What the task requires: From the line that contains "Thailand Hadapi Penurunan" down to the last line of the data below, restate every line word for word, skipping any images.
============
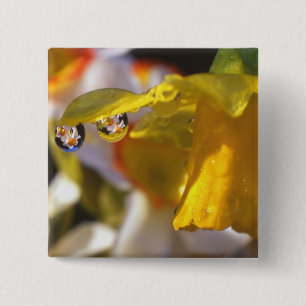 USA, Oregon, Multnomah County, Close-up of 15 Cm Square Badge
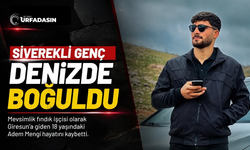 Şanlıurfa'ya, Gurbetten Sılaya Acı Haber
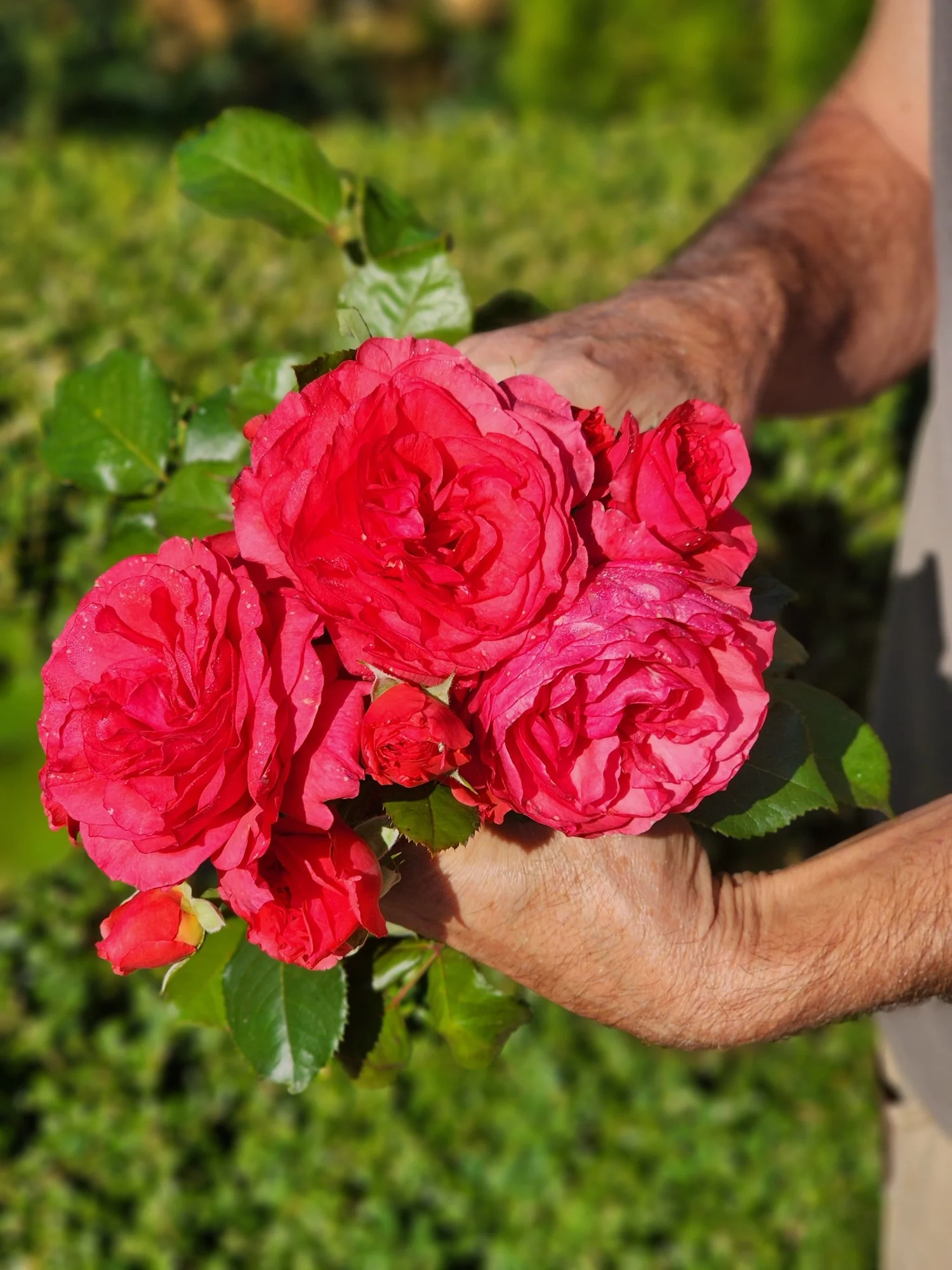 B1972863-BD59-465B-A88B-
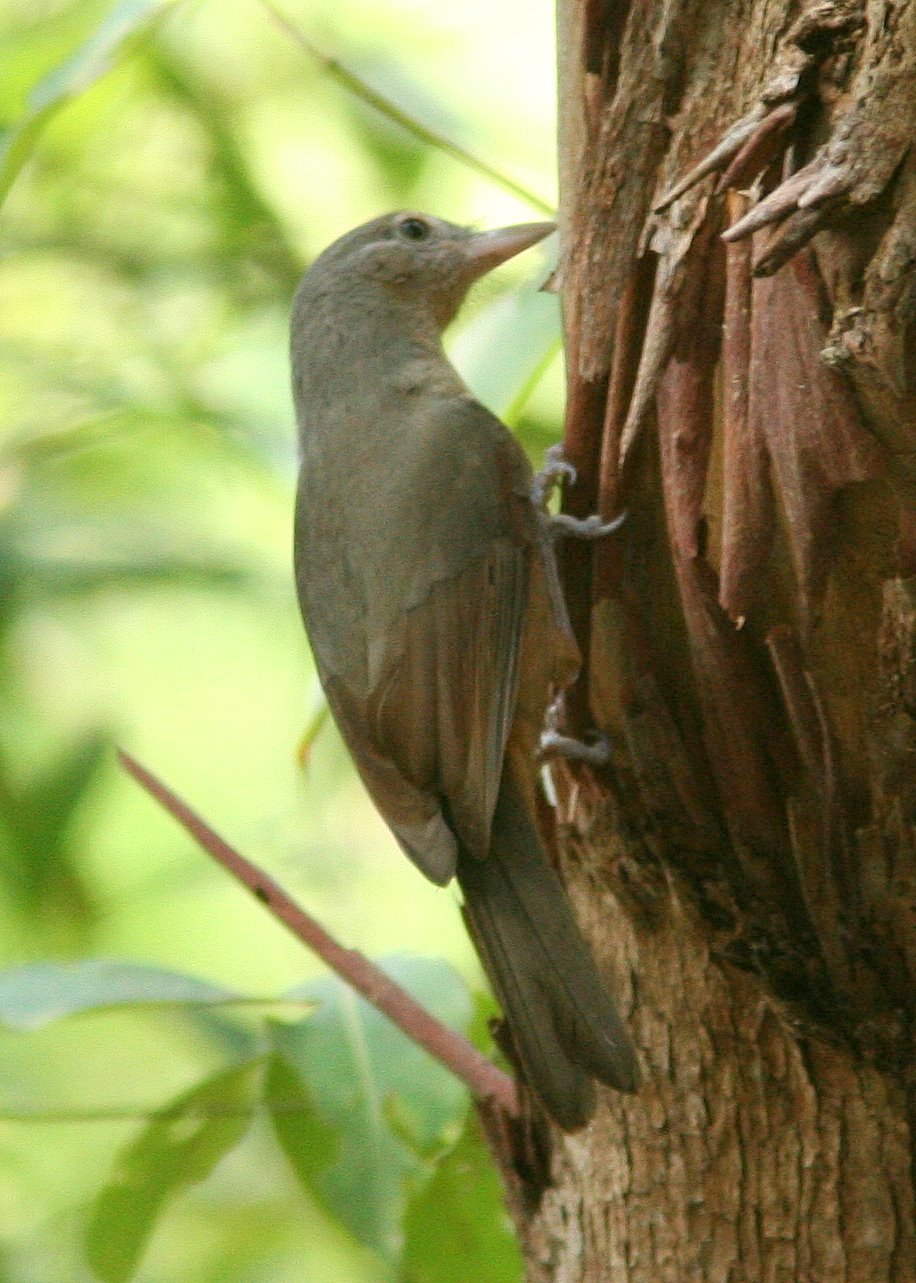 Waigeo Shrikethrush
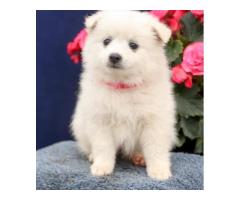 MALES AND FEMALES AMERICAN ESKIMO PUPPY FOR SALE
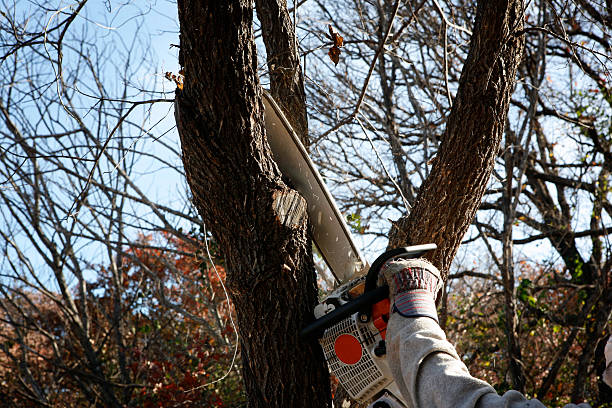 Best Seasonal Cleanup (Spring/Fall)  in North Tustin, CA
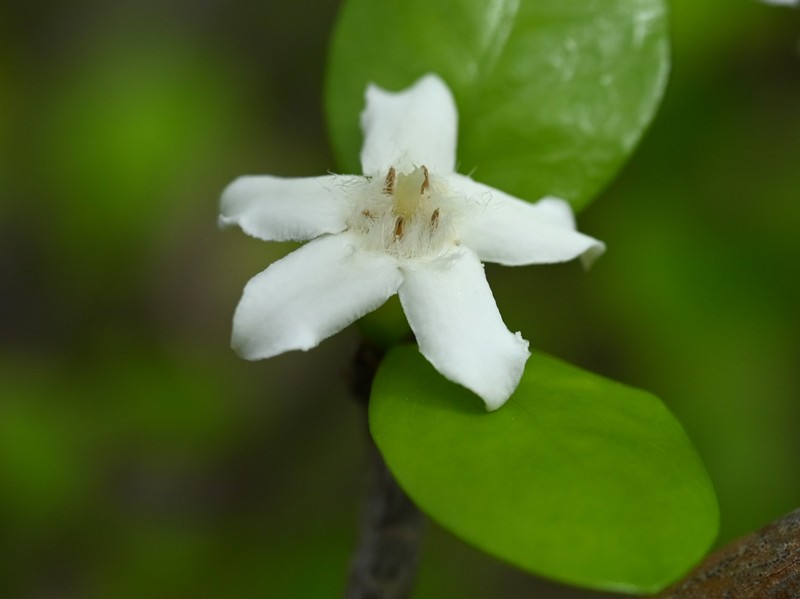 White Indigoberry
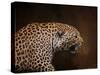 Snarling Leopard-Jai Johnson-Stretched Canvas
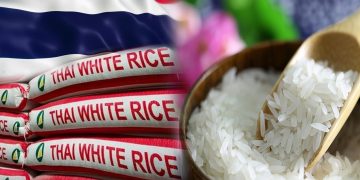 Thailand Hadapi Penurunan Eksport Beras 2025 – Apa Puncanya?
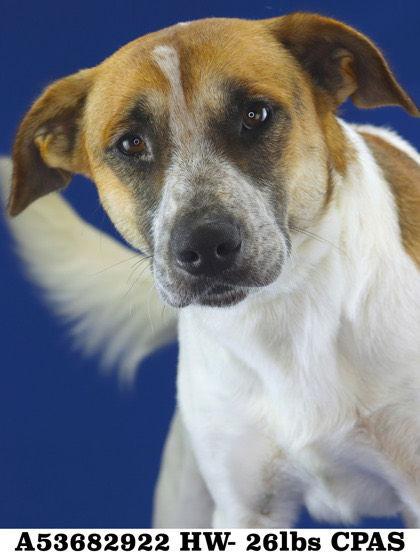 Enlarge Thoven, a Adoptable mixed breed in Bothell, WA image 1/3
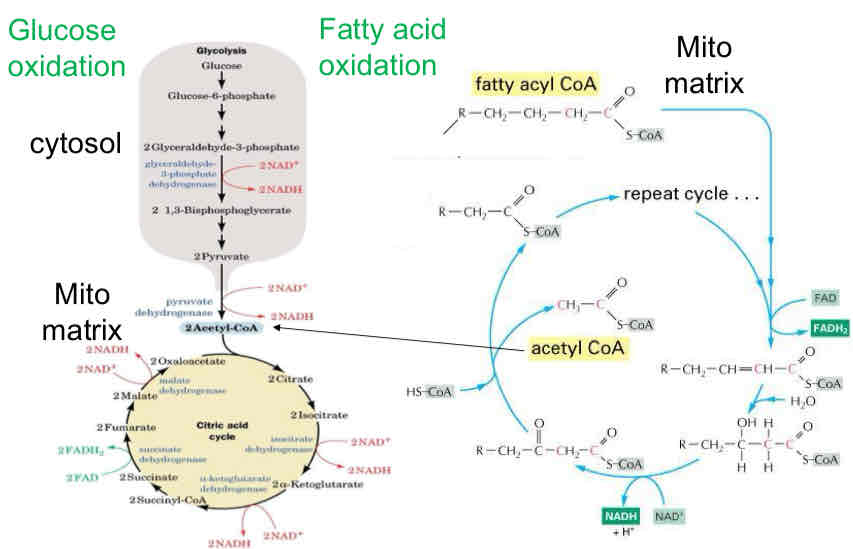 <ul><li><p>NADH → glucose oxidation (glycolysis and CAC) and fatty acid oxidation</p></li><li><p>FADH2 → succinate dehydrogenase (CAC) and fatty acid oxidation</p></li><li><p>Glucose and fatty acid oxidation</p></li><li><p>Glycolysis and citric acid cycle</p></li></ul>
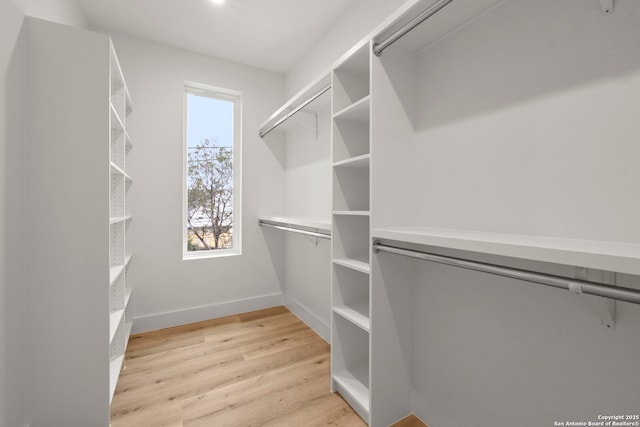 walk in closet with light wood-type flooring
============
Exercise solution:
 Thailand Hadapi Penurunan Eksport Beras 2025 – Apa Puncanya?
 Enlarge Thoven, a Adoptable mixed breed in Bothell, WA image 1/3
 <ul><li><p>NADH → glucose oxidation (glycolysis and CAC) and fatty acid oxidation</p></li><li><p>FADH2 → succinate dehydrogenase (CAC) and fatty acid oxidation</p></li><li><p>Glucose and fatty acid oxidation</p></li><li><p>Glycolysis and citric acid cycle</p></li></ul>
 walk in closet with light wood-type flooring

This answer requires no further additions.